WORK REQUEST
Print the data once more, exactly as given. Drop the pictures.

═════ DATASET CONTENT

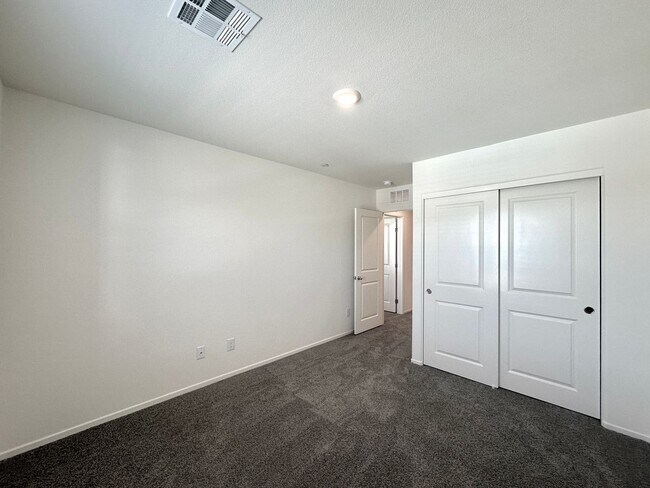 Building Photo - Decatur & Serene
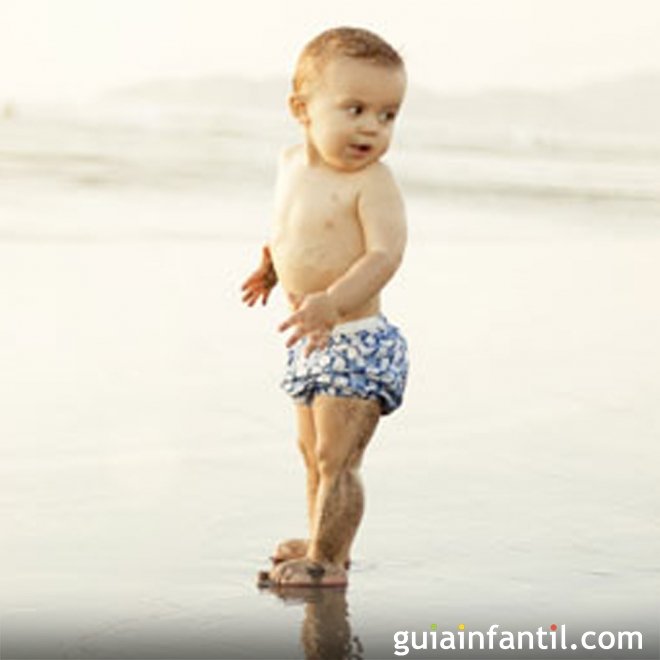O primeiro contato do bebê com o mar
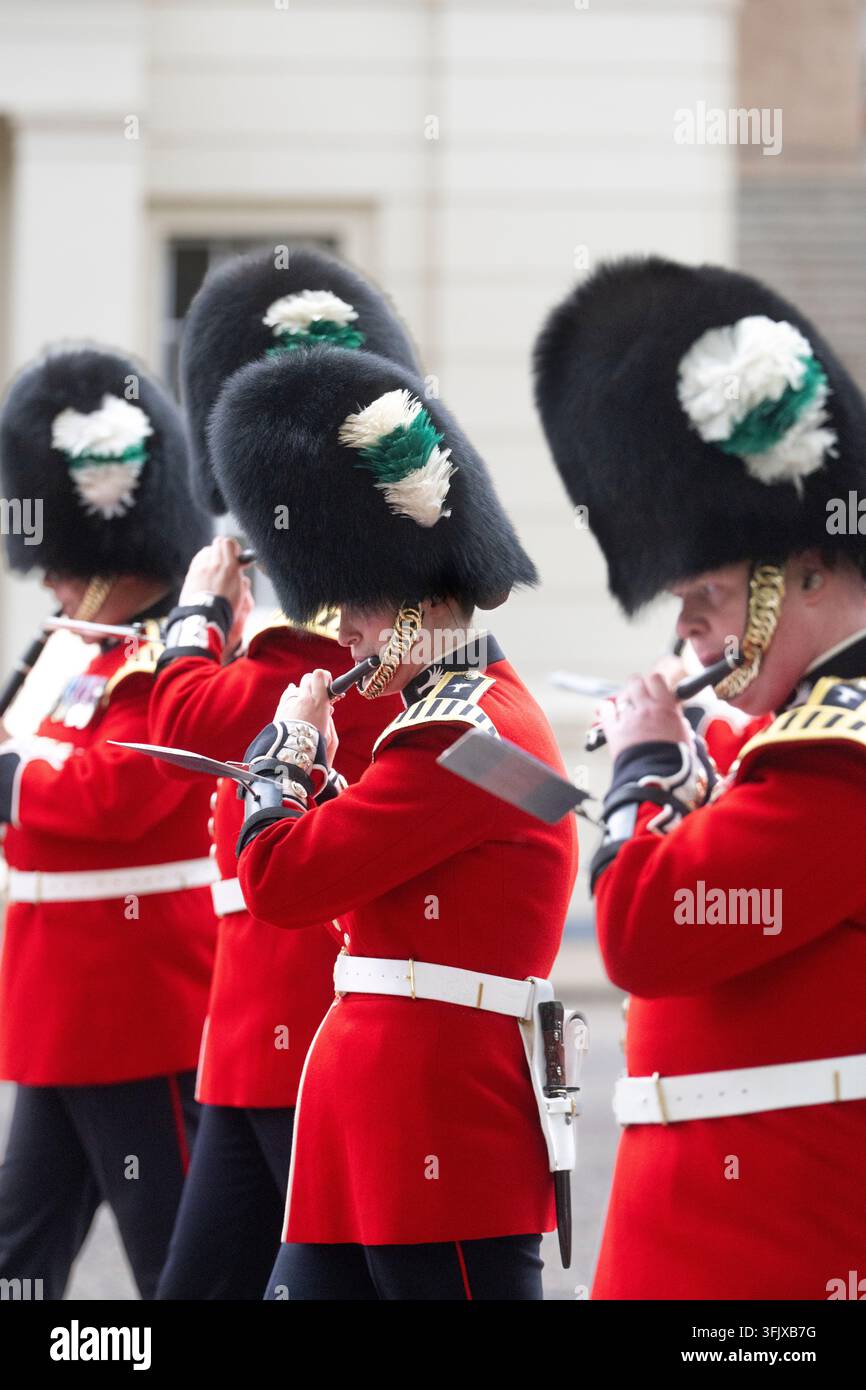 Musiker der Scots Guards spielen Pfeifen während der Zeremonie des Wechsels der Wache am Buckingham Palace in London, um die diensthabenden Wachen abzulösen. Stockfoto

══════════

TASK ANSWER
 Building Photo - Decatur & Serene
O primeiro contato do bebê com o mar
 Musiker der Scots Guards spielen Pfeifen während der Zeremonie des Wechsels der Wache am Buckingham Palace in London, um die diensthabenden Wachen abzulösen. Stockfoto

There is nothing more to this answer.